Task
Use the entries below and reproduce exactly the lines from the one containing "Little Journeys- Construction" down to the one containing "Sports T-Shirt for", both of them included.

======== Exercise materials

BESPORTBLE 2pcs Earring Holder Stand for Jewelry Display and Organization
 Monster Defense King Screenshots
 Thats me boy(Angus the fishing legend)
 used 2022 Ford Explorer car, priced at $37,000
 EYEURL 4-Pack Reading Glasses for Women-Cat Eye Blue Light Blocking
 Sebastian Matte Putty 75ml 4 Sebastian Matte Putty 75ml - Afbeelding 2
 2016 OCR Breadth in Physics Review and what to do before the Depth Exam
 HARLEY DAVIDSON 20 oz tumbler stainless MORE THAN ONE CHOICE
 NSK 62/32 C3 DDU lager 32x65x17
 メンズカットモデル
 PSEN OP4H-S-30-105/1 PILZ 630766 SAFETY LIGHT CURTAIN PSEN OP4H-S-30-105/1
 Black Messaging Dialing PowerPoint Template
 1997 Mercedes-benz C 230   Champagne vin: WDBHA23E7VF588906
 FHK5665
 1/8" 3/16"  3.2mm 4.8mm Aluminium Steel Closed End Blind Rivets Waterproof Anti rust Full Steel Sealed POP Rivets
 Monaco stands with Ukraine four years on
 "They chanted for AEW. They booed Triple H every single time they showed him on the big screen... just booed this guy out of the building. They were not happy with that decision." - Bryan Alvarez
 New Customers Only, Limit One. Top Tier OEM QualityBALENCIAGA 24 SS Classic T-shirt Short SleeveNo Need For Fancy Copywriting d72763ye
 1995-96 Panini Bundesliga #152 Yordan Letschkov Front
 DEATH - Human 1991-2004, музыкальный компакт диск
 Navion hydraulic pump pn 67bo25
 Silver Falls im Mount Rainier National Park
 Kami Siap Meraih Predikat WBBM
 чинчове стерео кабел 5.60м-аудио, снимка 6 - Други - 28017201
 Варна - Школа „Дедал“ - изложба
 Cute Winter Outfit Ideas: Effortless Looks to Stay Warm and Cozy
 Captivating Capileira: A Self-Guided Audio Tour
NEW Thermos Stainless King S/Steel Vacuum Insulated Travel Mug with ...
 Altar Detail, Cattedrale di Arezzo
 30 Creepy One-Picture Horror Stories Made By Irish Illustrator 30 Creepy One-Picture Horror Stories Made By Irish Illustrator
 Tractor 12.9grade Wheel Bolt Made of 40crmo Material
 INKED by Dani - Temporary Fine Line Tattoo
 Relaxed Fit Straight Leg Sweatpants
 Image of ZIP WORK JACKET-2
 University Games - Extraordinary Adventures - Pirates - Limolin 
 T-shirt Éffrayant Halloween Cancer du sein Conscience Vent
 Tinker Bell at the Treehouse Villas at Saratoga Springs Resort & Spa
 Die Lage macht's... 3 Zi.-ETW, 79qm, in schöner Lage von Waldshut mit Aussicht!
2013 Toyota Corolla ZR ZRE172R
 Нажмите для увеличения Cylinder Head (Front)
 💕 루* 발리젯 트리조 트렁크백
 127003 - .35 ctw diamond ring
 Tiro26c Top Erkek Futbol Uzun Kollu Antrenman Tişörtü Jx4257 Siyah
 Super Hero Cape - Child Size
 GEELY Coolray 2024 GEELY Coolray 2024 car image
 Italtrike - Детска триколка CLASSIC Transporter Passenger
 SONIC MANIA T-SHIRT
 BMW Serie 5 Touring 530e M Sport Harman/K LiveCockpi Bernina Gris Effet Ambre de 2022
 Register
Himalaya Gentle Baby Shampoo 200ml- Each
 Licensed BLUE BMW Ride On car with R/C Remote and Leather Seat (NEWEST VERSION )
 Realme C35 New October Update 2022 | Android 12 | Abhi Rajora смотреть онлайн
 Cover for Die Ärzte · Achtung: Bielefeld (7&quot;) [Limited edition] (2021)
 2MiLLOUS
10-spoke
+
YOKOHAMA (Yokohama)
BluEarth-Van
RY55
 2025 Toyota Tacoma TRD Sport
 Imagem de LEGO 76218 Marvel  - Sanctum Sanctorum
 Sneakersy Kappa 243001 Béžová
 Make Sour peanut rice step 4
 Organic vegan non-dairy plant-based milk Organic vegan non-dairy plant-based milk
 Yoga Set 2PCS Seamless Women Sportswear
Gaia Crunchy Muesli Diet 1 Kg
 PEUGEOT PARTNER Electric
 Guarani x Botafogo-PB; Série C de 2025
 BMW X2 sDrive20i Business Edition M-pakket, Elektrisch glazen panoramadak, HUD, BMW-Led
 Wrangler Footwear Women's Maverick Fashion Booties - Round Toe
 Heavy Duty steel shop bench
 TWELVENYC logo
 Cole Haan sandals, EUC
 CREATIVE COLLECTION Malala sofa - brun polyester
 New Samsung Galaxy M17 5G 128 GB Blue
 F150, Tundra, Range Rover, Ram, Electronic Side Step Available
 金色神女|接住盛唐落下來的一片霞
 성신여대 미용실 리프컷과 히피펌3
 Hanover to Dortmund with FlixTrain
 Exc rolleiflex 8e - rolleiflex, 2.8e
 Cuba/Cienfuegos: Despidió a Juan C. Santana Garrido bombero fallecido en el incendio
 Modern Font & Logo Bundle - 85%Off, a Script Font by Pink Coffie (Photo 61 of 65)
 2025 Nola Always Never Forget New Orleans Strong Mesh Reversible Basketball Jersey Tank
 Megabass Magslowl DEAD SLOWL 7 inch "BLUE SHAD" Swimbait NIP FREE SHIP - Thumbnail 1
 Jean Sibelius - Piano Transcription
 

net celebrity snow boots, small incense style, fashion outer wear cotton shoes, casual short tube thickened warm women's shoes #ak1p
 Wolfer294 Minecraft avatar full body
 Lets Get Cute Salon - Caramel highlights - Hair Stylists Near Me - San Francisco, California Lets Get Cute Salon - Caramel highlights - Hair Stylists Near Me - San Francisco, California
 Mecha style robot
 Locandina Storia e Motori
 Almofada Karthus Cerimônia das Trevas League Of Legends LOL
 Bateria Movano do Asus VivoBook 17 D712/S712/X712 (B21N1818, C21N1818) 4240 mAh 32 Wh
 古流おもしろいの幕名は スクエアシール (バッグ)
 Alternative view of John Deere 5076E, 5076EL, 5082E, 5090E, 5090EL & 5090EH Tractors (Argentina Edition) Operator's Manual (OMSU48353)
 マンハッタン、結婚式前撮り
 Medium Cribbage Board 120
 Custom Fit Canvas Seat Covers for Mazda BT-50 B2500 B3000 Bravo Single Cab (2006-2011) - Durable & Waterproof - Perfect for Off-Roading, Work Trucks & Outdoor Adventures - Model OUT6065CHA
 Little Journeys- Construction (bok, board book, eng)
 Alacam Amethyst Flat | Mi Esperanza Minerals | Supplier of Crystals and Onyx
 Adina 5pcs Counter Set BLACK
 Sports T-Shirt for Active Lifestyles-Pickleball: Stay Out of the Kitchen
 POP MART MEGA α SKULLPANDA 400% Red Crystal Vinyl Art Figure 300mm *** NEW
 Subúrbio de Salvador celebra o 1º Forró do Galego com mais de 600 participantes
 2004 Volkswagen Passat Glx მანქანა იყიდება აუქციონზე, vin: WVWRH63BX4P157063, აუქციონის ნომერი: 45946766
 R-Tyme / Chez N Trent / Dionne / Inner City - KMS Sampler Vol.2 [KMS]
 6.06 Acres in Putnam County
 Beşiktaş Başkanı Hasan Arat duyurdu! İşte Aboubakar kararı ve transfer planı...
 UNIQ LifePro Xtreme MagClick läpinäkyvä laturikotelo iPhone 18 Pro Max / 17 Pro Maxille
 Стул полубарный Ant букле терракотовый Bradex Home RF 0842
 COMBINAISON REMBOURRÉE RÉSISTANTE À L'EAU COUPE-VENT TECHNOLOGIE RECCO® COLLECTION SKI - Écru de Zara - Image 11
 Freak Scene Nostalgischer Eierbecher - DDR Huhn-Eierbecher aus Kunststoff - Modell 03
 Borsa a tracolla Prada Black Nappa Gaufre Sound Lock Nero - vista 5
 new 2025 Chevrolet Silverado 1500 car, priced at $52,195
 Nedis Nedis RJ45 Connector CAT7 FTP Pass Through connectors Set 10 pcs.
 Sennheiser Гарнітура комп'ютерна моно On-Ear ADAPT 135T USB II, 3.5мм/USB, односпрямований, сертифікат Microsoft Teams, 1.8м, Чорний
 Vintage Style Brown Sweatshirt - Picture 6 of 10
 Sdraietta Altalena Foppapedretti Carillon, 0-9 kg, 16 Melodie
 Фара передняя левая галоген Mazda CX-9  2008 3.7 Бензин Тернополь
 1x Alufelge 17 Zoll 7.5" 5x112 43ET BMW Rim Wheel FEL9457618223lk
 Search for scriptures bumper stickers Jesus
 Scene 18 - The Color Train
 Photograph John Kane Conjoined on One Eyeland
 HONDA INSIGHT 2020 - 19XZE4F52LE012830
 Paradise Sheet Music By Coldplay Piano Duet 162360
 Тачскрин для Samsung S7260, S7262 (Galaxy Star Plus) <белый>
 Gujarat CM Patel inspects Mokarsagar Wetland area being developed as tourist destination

================

Task response
 Little Journeys- Construction (bok, board book, eng)
 Alacam Amethyst Flat | Mi Esperanza Minerals | Supplier of Crystals and Onyx
 Adina 5pcs Counter Set BLACK
 Sports T-Shirt for Active Lifestyles-Pickleball: Stay Out of the Kitchen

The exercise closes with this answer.